Its chief executive officer Datuk Azman Mahmud said RM80 billion of the said target will be for the manufacturing and manufacturing-related services sectors, including investments from the setting up of 12 additional companies that will establish their principal hubs (PHs) in Malaysia.
"(However,) it depends on the world economy. If the world economy is good, we will see that the total investments will be better than last year. But if the economy is affected due to certain geopolitical risks and other factors, then there will be some challenges to achieve the number," Azman told reporters after the presentation of the Malaysia Investment Performance Report 2017 by MIDA.
Minister of International Trade and Industry Datuk Seri Mustapa Mohamed said the projection was based on the projects that are already in the pipeline as well as the ministry's increased efforts on promotion.

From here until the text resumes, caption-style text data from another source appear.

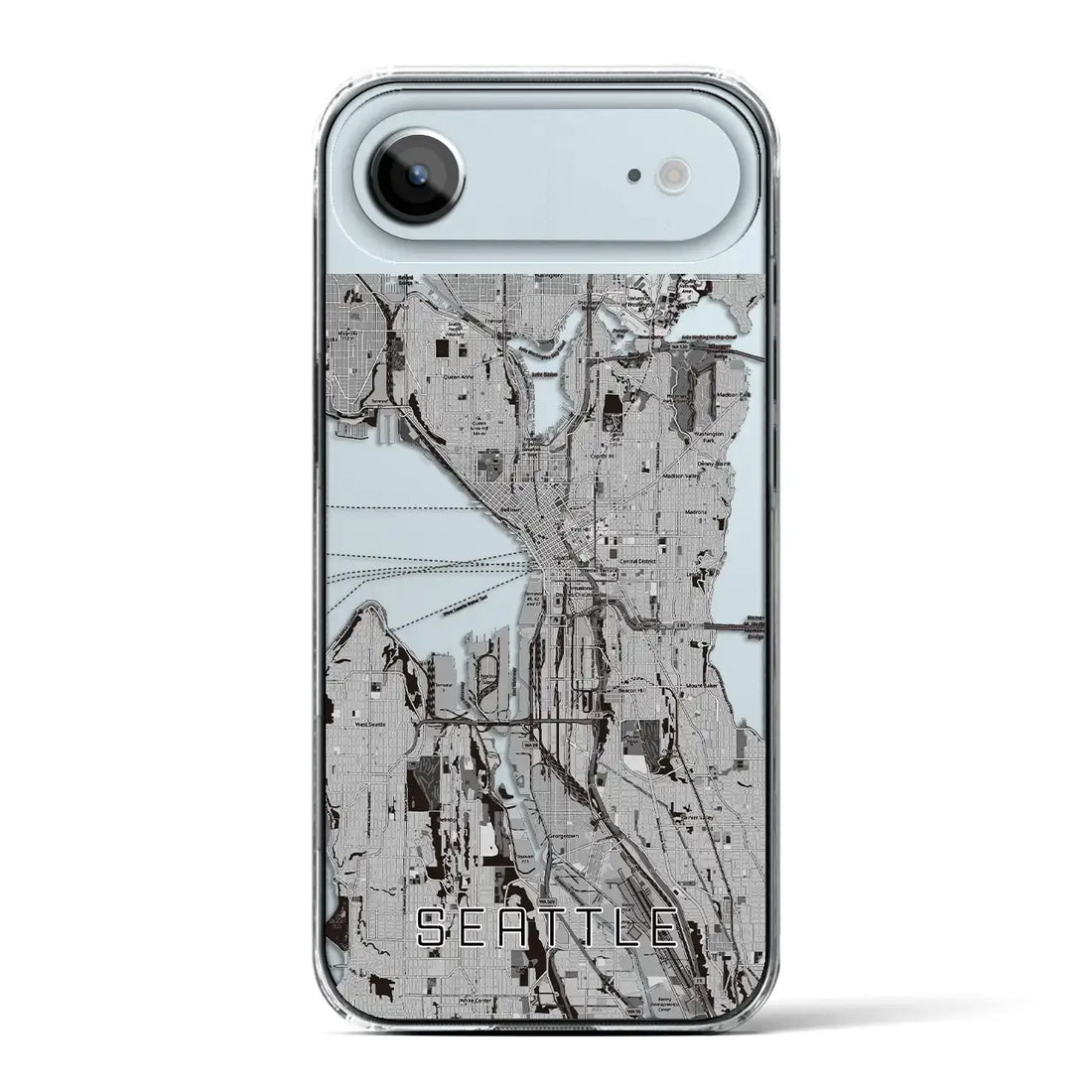 【シアトル（アメリカ）】地図柄iPhoneケース（クリアタイプ）モノトーン・iPhone 17 Pro Max 用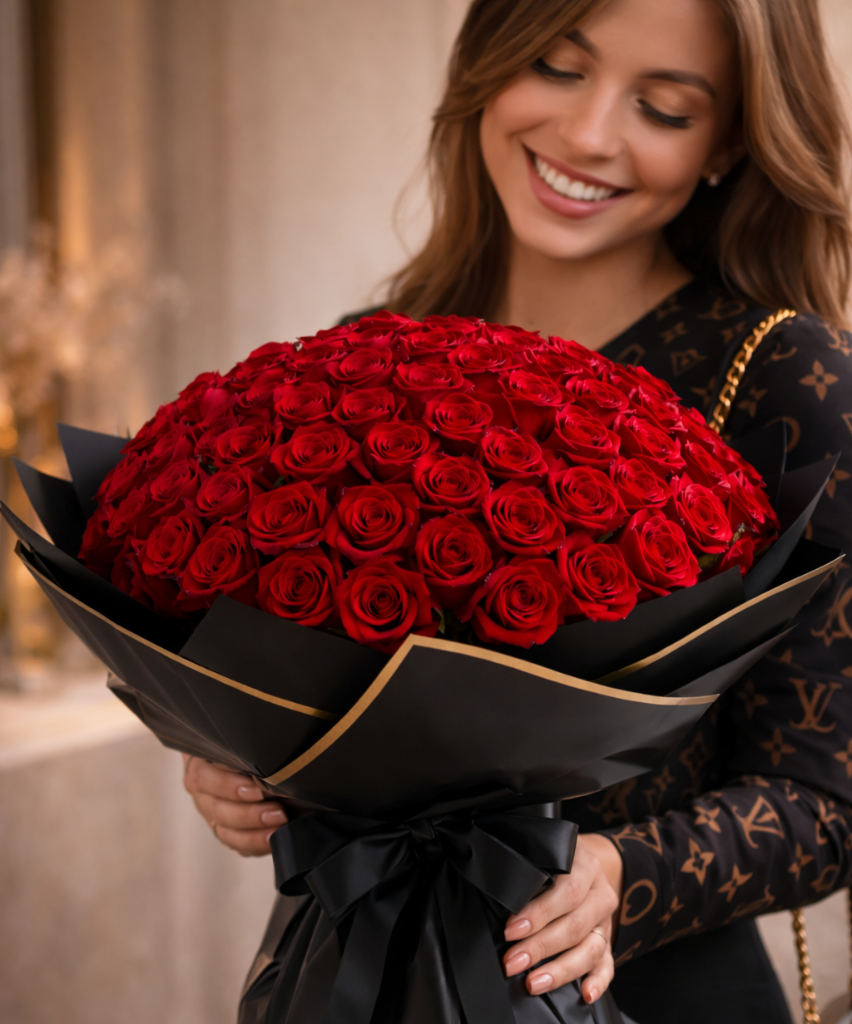 Luxury 100 Red Roses – Signature Rose Arrangement in Miami
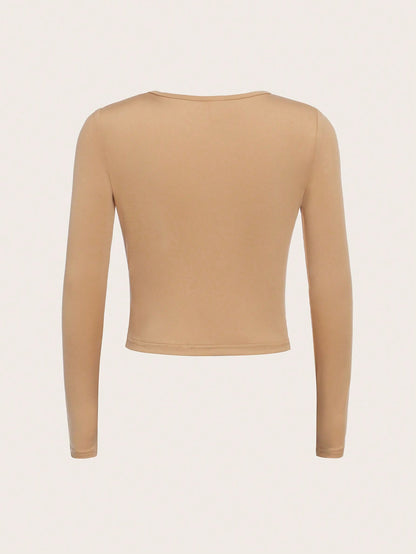 SHEIN Camiseta Casual De Manga Larga Y Cuello Redondo Tejida Para Niñas Adolescentes, Con Estampado Para Uso Diario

"Last year, quite a big chunk of investments came from domestic sources so this year we will continue to attract domestic investments and at the same time we will work harder to get more foreign investments," said Mustapa.
According to MIDA, RM197.1 billion worth of investments were approved by Malaysia in 2017, down 7% compared with RM212.9 billion in 2016. However, the number of investment projects approved in 2017 increased to 5,466 from 5,166 in 2016.

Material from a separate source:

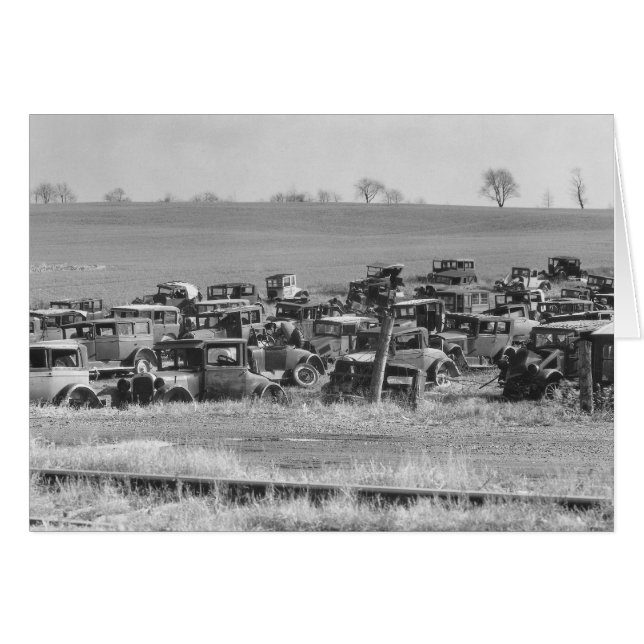 Cartão Automóveis abandonados, 1935 (Frente Horizontal)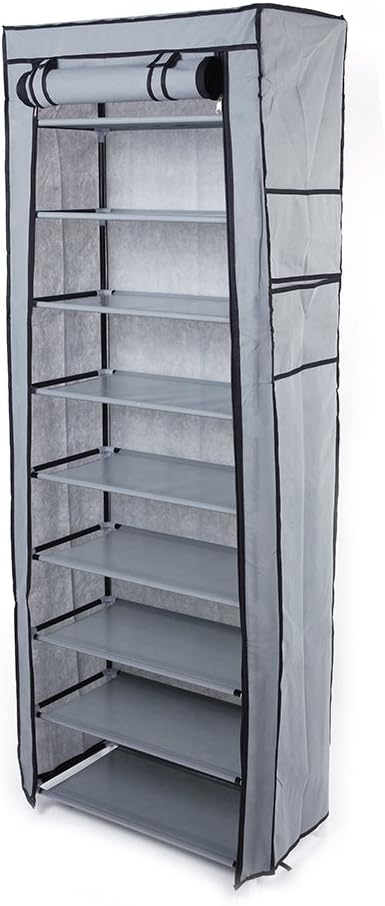 10 Tiers Shoe Rack with Dustproof Cover Shoe Storage Organizer Cabinet Shoe Shelf Tower,Non-Woven Fabric Cover (Gray)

The decline in the overall investment performance was due to a significant decline in the service sector of 17.2% from RM146.2 billion in 2016 to RM121.1 billion. This was mainly affected by the real estate subsector as it dropped 28.7% to RM45.7 billion despite a 43.1% increase in the number of projects approved, reflecting a change in investment strategies towards smaller sized projects in this subsector.
Nonetheless, the manufacturing sector recorded increase in total approved investments of 8.9% from RM58.5 billion in 2016 to RM63.7 billion, whereas approved investments in the primary sectors rose 51.2% to RM12.4 billion from RM8.1 billion in 2016. Investments in the manufacturing sector were mainly from petroleum products, electrical and electronics products and natural gas.

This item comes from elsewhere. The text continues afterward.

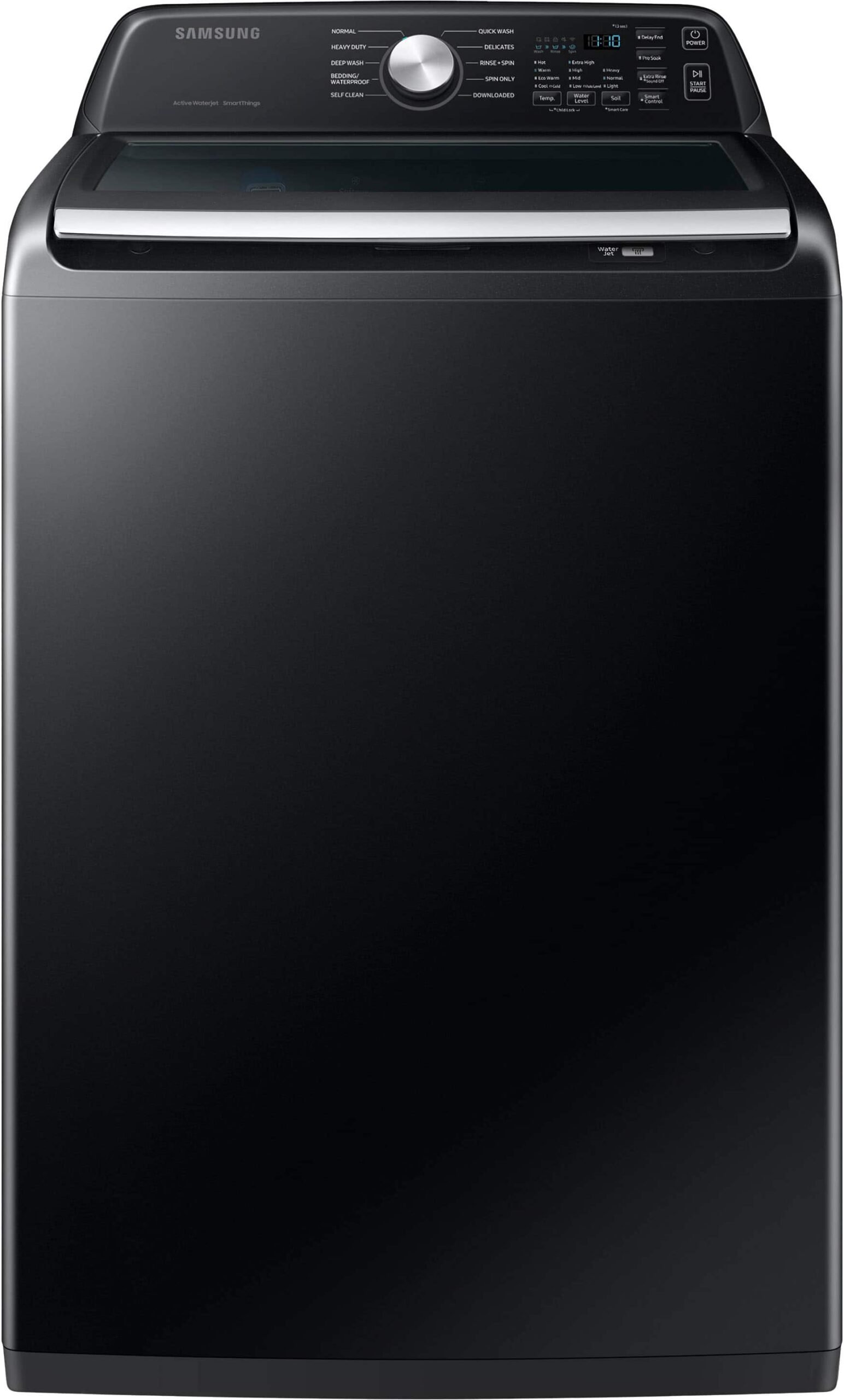 Kings Outlet Samsung 4.6 Cu. Ft. High-Efficiency Smart Top Load Washer ActiveWave Agitator Black Samsung 4.6 Cu. Ft. High-Efficiency Smart Top Load Washer ActiveWave Agitator Black from Kings Outlet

Domestic direct investments (DDIs) accounted for the bulk of the total approved investments at 72.2% or RM142.4 billion while foreign direct investments (FDIs) contributed RM54.7 billion, representing 27.8% of the total. Both DDIs and FDIs approved declined by 7.5% from their respective figures in 2016.
China was the biggest foreign investor for the manufacturing sector followed by Switzerland, Singapore, the Netherlands and Germany which made up a total of RM12.1 billion or 56% of the investments.
Global establishments approved in 2017 totalled RM14 billion, with nine out of the 225 global establishment projects comprising PH projects, bringing the total to 28 PH projects approved since it was introduced in 2015.
PH refers to a scheme by the government that encourages locally-incorporated international companies to use Malaysia as a base for conducting their regional and global businesses, utilising Malaysia's banking, financial services and other ancillary services for their operations.
No PH project was approved during the first half of 2017 because a policy review was being undertaken.
"There was a policy review last year, so of course when there is a review, those investors will wait until a clearer policy comes out. Now that the policy has been finalised, we have about 12 companies in our pipeline that has already registered their interest to build their PHs in Malaysia," Azman said.